I’ve written extensively on Pescia in my posts at Strawberries at Montecarlo and Mediaeval Times in Pescia | From London to Longoio (and Lucca and Beyond) Part Two (wordpress.com)
and at:
We then headed for the object of our expedition: Lidl. Not as crowded as Lucca’s branch, Pescia retains the lines which makes this an appealing place to shop and ….we did find those English food products including the prized Blue Stilton!
As it was Fish Friday on our return to base camp at our new home we put the fish and chip packet to good use only to discover that in fact the fish was a strange breed from Alaska and that the whole lot refused to produce the characteristic batter when fried but dissolved itself into a milky stew. What eventually emerged was a sort of fish kedgeree and certainly not what was promised on the cover illustration. However, as by this stage we had become rather hungry we munched our way through the whole lot and found it quite palatable.
The lemon cup-cake muffins went rather better and I made up a dessert with them adding lemon sorbet which went down a treat in the still super-hot evenings our area continues to experience.



My verdict on our expedition to Pescia’s Lidl? It’s OK if one likes to do some skilful off-road driving and encounter some of the most breathtaking views in our part of the world. However, it may be somewhat more convenient to head for the Lucca store using the standard route in future. (PS we did return from Pescia via Marlia…)
And as for that ‘British food’. It’s all right for a taste every now and again if such patriotic cravings cannot be resisted. However, we are residents in Italy and wish to fully immerse ourselves in that country’s experiences, integrating our tastes with its extraordinary culture extending from artist’s studios to sports cars engineering works to haute couture to the delights of its multifarious culinary traditions. I think, under the circumstances, that even we can afford to go without Blue Stilton and, instead, eat equally delicious Gorgonzola!
Having written this I am reminded of an elderly English couple who used to live in the Bagni area but have since removed to France. They invited me once to Sunday lunch at their place. It was a truly delicious spread and very British with roast beef, boiled potatoes, mint sauce and carrots followed by apple pie and custard. I felt very nostalgic and commented ‘how wonderful that you have managed to create a truly traditional Sunday lunch.’ ‘But that’s the way we usually eat here’ replied the cook. I later discovered that the most this otherwise very personable couple ventured into Italian food was to order an occasional pizza at the local bar.

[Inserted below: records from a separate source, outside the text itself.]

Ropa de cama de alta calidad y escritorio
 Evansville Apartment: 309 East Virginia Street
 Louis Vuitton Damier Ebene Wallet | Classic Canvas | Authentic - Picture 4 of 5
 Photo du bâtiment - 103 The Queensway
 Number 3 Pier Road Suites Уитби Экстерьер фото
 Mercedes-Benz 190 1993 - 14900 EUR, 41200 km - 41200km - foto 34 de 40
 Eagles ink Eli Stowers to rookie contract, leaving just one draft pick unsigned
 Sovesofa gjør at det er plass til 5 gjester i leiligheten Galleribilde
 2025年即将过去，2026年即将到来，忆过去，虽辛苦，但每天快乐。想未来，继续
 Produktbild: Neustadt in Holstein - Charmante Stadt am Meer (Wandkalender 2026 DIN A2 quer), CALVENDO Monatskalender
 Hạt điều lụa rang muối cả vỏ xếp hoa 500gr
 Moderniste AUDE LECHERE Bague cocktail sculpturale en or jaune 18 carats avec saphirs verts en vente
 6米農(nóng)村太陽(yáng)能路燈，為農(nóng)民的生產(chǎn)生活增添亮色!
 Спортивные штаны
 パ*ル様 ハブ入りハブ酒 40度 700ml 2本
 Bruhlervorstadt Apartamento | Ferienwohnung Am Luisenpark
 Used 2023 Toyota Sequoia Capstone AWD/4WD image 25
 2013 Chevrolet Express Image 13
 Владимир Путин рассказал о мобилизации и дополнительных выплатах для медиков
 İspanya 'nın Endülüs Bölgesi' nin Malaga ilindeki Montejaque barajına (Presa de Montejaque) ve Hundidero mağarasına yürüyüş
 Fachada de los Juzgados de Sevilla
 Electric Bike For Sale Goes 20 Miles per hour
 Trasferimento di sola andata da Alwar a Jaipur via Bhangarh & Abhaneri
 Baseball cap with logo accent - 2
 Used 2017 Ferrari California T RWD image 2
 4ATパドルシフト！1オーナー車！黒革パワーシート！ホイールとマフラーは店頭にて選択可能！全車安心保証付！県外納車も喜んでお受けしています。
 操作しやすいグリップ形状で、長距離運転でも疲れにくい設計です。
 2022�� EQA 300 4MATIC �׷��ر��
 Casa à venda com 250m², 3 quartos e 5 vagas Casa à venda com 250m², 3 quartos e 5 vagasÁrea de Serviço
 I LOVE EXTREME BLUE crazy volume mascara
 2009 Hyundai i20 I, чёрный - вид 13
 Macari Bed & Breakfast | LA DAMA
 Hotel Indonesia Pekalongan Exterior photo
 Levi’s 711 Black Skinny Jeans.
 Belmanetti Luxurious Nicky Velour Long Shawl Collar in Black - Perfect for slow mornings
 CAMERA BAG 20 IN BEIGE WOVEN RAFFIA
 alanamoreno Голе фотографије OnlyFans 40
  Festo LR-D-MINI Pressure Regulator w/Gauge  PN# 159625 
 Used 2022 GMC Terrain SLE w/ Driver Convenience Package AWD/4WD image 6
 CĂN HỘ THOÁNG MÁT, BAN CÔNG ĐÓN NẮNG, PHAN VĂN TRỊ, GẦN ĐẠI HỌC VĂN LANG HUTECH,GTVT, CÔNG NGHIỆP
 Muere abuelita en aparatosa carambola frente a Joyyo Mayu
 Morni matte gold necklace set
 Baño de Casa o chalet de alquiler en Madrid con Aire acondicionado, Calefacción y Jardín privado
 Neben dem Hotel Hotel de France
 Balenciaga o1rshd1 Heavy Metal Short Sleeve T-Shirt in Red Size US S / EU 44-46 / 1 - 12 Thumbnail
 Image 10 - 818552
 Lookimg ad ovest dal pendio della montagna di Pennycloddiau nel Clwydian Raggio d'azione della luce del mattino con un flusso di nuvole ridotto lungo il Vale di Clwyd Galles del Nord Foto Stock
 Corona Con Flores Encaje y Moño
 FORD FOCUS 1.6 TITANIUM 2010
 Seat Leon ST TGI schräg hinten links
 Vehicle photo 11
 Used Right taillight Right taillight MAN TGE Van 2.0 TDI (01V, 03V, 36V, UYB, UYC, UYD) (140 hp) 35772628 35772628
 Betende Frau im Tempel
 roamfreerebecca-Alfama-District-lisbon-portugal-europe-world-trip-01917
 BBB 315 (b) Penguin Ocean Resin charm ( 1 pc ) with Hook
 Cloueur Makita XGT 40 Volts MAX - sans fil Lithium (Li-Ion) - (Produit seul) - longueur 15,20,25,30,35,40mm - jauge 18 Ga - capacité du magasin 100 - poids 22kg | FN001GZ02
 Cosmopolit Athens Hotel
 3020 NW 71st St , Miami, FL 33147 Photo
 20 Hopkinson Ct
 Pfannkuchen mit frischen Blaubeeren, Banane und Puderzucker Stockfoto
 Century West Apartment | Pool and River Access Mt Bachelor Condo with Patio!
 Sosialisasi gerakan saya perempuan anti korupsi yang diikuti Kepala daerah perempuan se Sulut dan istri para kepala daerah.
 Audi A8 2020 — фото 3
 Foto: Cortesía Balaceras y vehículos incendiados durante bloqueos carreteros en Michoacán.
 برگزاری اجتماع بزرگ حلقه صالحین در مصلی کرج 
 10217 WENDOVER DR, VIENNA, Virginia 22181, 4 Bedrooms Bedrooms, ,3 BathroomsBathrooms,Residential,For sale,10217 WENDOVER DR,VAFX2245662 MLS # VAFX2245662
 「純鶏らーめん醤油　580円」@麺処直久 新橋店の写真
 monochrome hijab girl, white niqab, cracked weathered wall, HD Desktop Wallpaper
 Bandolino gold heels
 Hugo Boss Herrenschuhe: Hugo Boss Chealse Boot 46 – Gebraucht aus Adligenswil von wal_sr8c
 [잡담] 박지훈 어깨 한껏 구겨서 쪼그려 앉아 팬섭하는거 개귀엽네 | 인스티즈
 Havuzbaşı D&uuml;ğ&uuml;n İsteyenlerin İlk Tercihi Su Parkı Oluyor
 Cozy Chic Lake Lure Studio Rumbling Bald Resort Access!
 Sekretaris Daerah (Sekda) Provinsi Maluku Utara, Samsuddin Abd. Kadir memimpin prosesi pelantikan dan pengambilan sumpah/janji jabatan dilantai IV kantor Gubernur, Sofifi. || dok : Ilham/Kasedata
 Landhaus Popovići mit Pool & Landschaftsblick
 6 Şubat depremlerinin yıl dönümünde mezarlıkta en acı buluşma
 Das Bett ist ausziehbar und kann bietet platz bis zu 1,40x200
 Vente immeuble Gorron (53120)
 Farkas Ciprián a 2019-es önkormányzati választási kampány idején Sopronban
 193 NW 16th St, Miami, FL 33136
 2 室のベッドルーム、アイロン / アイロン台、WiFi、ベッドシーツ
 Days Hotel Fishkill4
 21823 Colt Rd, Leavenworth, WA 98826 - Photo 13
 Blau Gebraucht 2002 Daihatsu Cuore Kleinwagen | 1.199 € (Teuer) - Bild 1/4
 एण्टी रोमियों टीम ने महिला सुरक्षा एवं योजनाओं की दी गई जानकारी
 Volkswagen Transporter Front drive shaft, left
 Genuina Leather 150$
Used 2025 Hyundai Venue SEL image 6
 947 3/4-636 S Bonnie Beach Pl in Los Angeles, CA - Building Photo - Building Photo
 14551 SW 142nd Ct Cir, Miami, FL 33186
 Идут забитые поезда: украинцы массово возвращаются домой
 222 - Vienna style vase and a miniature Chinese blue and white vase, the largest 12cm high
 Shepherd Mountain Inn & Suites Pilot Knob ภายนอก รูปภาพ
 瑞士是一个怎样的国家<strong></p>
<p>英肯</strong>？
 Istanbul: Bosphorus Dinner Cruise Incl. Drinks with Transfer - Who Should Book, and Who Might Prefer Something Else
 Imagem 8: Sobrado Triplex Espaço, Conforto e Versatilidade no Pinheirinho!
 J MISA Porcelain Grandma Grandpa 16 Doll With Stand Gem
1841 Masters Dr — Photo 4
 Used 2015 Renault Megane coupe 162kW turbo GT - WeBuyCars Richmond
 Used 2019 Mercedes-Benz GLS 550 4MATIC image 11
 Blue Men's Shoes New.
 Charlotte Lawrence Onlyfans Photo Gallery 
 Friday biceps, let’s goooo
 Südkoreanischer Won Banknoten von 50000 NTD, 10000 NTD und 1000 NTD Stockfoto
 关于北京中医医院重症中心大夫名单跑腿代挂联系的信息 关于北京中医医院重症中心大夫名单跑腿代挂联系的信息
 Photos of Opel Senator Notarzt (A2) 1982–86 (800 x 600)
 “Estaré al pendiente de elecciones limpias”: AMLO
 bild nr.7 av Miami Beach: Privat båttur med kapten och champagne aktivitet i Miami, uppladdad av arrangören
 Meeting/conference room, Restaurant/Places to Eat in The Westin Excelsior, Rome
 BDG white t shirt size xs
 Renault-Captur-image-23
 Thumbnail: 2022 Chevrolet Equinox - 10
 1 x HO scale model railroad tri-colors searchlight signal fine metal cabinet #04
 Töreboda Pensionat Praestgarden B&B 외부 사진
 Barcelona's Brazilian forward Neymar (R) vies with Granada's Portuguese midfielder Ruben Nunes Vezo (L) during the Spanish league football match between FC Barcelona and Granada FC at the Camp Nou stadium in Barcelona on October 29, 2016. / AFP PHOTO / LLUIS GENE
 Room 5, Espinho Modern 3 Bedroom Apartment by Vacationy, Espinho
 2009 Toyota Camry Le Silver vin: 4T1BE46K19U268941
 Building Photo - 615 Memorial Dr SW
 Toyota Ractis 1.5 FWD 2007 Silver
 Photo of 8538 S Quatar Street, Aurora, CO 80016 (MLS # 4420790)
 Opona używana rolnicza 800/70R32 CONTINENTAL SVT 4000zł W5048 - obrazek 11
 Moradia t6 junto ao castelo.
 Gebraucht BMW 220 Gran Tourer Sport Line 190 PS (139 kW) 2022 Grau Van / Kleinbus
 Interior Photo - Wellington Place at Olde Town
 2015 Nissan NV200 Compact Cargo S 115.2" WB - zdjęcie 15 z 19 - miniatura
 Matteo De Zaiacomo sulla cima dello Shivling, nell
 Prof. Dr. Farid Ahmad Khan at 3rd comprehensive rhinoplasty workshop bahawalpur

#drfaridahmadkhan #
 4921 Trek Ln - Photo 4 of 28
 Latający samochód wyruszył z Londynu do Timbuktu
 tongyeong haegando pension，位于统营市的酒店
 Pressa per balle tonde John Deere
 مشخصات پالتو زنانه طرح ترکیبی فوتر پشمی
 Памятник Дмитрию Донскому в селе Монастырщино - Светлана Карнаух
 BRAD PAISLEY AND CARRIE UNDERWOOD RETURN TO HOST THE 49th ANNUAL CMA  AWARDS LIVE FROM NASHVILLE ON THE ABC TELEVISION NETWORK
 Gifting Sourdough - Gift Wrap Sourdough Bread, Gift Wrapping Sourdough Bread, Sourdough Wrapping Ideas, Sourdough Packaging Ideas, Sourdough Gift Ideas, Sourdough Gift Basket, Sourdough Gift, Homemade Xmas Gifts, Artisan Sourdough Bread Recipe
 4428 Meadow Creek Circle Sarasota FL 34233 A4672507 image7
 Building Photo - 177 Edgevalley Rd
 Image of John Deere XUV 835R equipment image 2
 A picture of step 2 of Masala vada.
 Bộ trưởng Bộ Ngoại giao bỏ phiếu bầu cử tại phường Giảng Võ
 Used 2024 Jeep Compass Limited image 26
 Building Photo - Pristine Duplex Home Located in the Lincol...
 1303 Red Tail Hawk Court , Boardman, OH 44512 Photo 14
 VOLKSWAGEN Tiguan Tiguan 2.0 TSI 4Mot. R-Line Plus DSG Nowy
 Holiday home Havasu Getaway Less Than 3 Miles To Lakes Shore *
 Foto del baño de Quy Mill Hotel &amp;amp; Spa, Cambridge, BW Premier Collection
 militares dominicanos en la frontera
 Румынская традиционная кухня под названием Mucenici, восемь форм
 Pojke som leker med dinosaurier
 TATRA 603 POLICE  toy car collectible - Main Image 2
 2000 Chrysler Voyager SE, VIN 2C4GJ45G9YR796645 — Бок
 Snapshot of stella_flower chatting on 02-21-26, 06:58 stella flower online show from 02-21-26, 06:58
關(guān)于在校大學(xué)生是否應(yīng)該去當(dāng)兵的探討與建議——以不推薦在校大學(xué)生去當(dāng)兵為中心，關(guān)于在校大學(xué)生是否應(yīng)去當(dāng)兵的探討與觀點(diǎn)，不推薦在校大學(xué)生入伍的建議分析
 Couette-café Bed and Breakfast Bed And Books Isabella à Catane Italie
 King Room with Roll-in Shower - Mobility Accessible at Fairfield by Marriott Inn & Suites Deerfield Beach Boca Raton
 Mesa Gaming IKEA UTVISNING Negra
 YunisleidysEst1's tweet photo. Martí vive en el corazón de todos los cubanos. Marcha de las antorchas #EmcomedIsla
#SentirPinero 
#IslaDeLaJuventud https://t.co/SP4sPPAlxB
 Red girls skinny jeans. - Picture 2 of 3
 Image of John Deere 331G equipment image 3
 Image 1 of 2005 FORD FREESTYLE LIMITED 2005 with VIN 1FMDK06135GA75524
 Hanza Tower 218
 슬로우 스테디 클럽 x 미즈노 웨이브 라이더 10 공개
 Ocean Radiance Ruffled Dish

It remains, however, a great pity that Italian supermarket shelves, in addition to their own local extraordinary variety of cheeses, are filled with French, Dutch, Greek and German varieties but none from the Island Kingdom! Even before the damnation wrought by Brexit this was still largely the case and now it appears to be even more so. A pity, For what harm could a slab of mature cheddar do on an Italian supermarket shelf I ask myself?